Blasting Off and On Again
Dale Robinette/Paramount Pictures
I’m rather adverse to the perfunctory duty of producing an introduction to the yearly top ten list, as those opening salvos all tend to read like a laundry list of gripes: Movies mostly stunk this year; there was a surprising lack of great films; what’s going on with Hollywood etc. Here’s the reality: It was an up and down year for big studio pictures, but despite the significant strife befalling the independent apparatus, there was still a surplus of top-notch indie productions that graced cinemas and video-on-demand menus everywhere. In other words, 2009 was in large part not much different than any other recent year. Without further ado, here are my picks for the best it had to offer:
Robert Levin's Top Movies of 2009
UP IN THE AIR First, a prediction: Jason Reitman’s third film — his most complex and mature — will someday be considered an heir to the great humanist Hollywood tradition begun by Ernst Lubitsch, perfected by Billy Wilder and present in the best work of Cameron Crowe. “Up in the Air,” which reverberates with empathy and an acute awareness of the particular burdens of these uncertain times, is both decidedly modern and old-fashioned, a high-wire act pulled off with aplomb.

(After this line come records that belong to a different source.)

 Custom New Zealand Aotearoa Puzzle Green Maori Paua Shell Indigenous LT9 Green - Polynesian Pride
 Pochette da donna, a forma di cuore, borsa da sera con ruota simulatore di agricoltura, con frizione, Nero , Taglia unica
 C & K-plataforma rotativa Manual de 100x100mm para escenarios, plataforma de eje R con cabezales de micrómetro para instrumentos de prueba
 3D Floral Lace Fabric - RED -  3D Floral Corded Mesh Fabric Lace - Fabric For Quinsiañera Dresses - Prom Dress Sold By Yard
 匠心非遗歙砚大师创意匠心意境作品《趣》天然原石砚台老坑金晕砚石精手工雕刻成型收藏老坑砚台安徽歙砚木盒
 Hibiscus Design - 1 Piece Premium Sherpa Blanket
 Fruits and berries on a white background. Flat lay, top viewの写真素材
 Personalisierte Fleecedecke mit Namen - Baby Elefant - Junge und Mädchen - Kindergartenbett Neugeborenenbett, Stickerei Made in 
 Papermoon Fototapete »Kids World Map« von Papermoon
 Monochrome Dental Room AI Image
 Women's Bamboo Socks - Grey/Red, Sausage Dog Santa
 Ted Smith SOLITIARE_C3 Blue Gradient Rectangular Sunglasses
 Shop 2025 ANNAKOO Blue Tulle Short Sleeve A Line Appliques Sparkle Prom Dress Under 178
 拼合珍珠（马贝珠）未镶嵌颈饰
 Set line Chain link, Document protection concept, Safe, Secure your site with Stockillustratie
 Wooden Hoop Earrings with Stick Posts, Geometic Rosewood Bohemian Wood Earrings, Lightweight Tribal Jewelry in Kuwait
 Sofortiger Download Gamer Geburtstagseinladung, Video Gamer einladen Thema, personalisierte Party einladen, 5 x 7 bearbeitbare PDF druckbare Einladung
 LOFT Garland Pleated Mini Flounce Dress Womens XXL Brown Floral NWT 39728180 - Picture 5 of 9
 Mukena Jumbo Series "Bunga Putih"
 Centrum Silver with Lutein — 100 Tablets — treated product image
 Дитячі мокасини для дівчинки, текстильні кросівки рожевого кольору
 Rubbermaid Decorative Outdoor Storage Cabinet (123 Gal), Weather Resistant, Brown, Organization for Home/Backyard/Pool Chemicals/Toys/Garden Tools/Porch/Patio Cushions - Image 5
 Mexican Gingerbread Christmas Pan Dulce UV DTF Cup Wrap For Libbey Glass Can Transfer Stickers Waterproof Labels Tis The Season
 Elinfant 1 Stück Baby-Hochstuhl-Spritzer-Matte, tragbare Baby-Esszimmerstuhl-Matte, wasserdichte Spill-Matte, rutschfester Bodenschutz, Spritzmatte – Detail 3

A SERIOUS MAN For an ostensibly small, personal picture set in the Joel and Ethan Coens’ hometown, “A Serious Man” thinks big — as big as they come. Through the story of an everyday Minnesotan professor named Larry Gopnik (Michael Stuhlbarg, who would win the Academy Award were there any justice in the world), the Coens develop a narrative that does nothing less than confront the very meaning and nature of god. Often funny, occasionally horrifying and — in its depiction of the close-knit nature of a typical Midwestern Jewish community — consistently true, it’s a vintage work from the best, most unpredictable American filmmakers.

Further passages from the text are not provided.